Eugênio: personagem protagonista, médico, tem uma relação conturbada com os pais, aos quais deve seus estudos. Para reverter o complexo de inferioridade adquirido em sua infância humilde, busca a todo custo uma estabilidade financeira.
Olívia: jovem médica, recém-formada, amiga de Eugênio, com sua alegria, consegue restituir a confiança na vida dos que a cercam. É uma pessoa maravilhosa, capaz de tudo, sem nada exigir em troca. Sabe renunciar com dignidade a seu único amor.
Felipe Lobo: arquiteto competente, que tem ideias mirabolantes.
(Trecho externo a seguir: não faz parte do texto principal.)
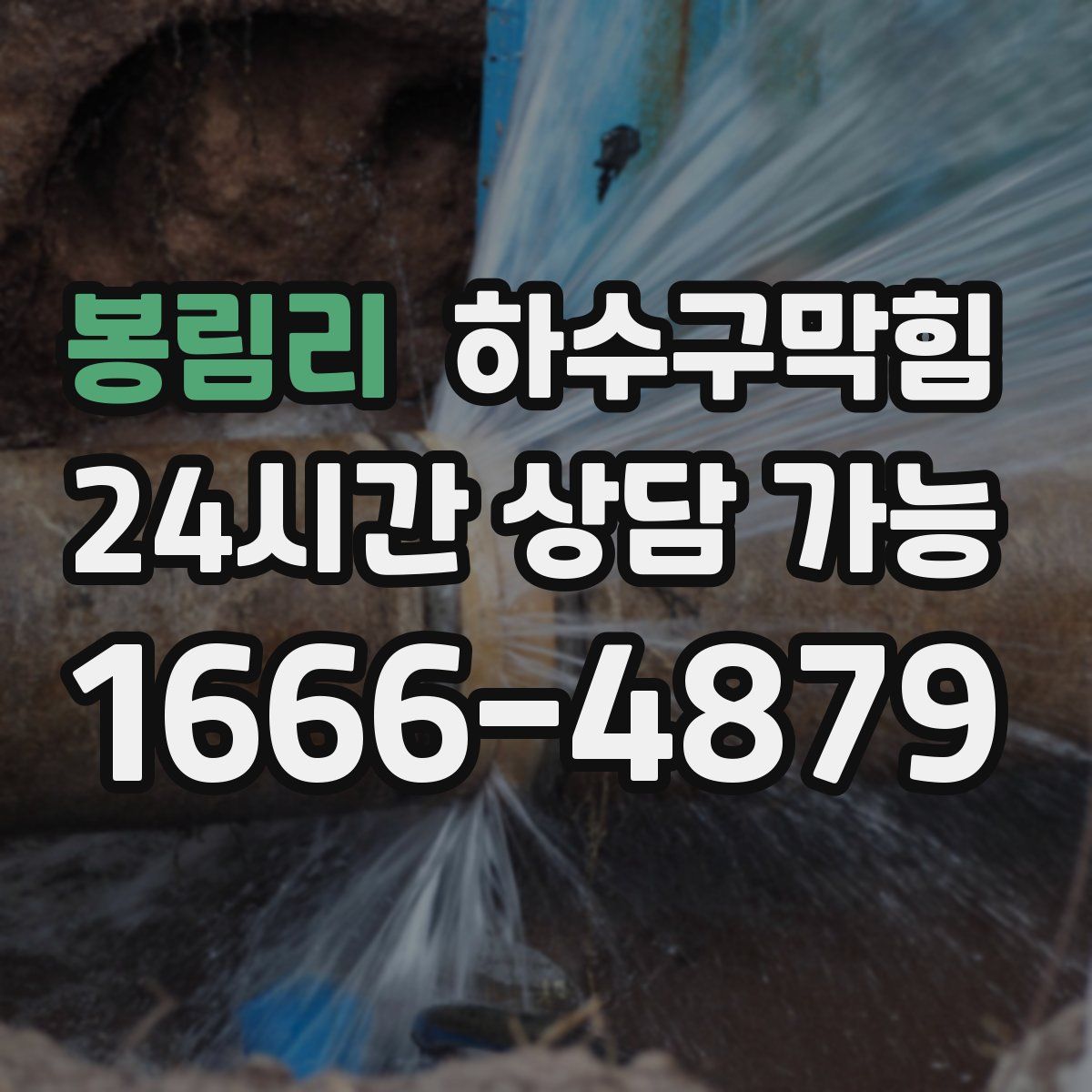 봉림리 하수구막힘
Seu sonho é a construção do “Megatério”, o prédio mais alto da América do Sul. É capaz de sacrificar tudo, inclusive o próprio casamento com Isabel e a felicidade de sua filha, Dora, pelo sucesso.
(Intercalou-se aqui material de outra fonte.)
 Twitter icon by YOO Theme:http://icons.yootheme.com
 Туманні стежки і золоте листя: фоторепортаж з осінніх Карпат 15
Eunice: Filha de Cintra, casada com Eugênio, mulher rica e atraente, inteligente e voluntariosa, é capaz de deixar de lado os seus valores pessoais mais fortes por uma fascinante experiência.
Dona Frida Halk: viúva alemã, radicada no Brasil há 20 anos. Compreensiva e humana, considera Olívia como filha e torce pela sua felicidade.
Cintra: pai de Eunice, rico industrial, implacável na direção de seus negócios. Totalmente dominado por Eunice, é um fraco diante da filha, incapaz de impedir seus devaneios.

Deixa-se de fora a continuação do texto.